Shortening construction through the magic of contracts
Contracts aren’t the highest-profile part of our work to replace the Alaskan Way Viaduct. You can’t see them as you drive on SR 99, they aren’t photogenic, and a contracting time-lapse camera would be one of the dullest things on the internet. But the viaduct demolition contract we’re awarding early next year will have a big effect on your experience traveling through downtown Seattle.
The new SR 99 tunnel, currently scheduled to open to traffic in early 2019, will make a long stretch of today’s SR 99 highway obsolete (see the map at right). From the stadiums at the south end of downtown to Harrison Street at the tunnel’s north end, the new tunnel bypasses the viaduct, the Battery Street Tunnel, and several blocks of Aurora Avenue North. These three areas were initially conceived of as three separate projects, each a contract to be awarded and overseen.

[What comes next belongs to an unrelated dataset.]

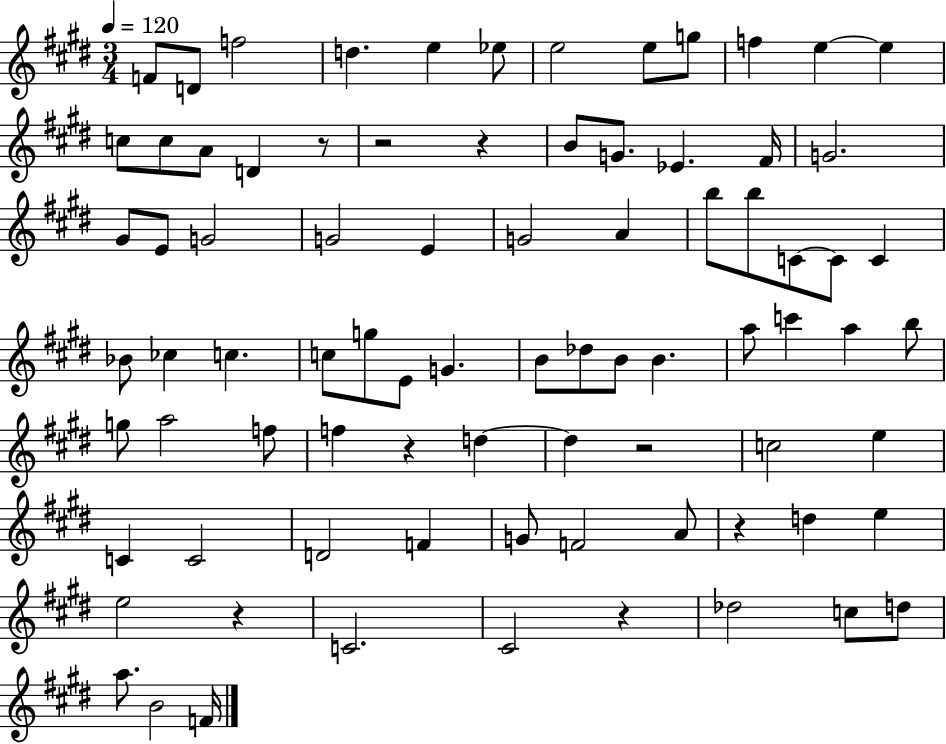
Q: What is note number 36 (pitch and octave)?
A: C5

In our ongoing effort to maximize efficiency, we determined that combining these three projects into one would shave off approximately one year of cumulative construction time. Awarding the work to one contractor also reduces our administrative costs and reduces the risk involved in multiple contractors working in the same space.
We are currently preparing the request for proposals and will award the work in early 2018 to the contractor whose proposal represents the best value for the state. That contract will entail:
- Demolishing the Alaskan Way Viaduct (estimated completion: fall 2019).

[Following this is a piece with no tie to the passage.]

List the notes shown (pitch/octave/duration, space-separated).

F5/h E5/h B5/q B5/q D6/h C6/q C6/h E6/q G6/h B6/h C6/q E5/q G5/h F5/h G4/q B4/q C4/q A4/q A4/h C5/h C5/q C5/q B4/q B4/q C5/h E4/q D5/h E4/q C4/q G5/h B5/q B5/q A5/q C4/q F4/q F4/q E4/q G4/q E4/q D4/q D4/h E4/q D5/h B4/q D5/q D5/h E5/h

- Decommissioning the Battery Street Tunnel (estimated completion: mid-2020).
- Rebuilding Aurora Avenue North near the SR 99 tunnel’s north portal (estimated completion: mid-2020).
Our Viaduct Demolition page has more information about the elements of this work. We won’t know the means and methods of the work until after we’ve chosen a contractor, but we do know that the timeline for delivering all three elements will be shorter thanks to the humble magic of contracts.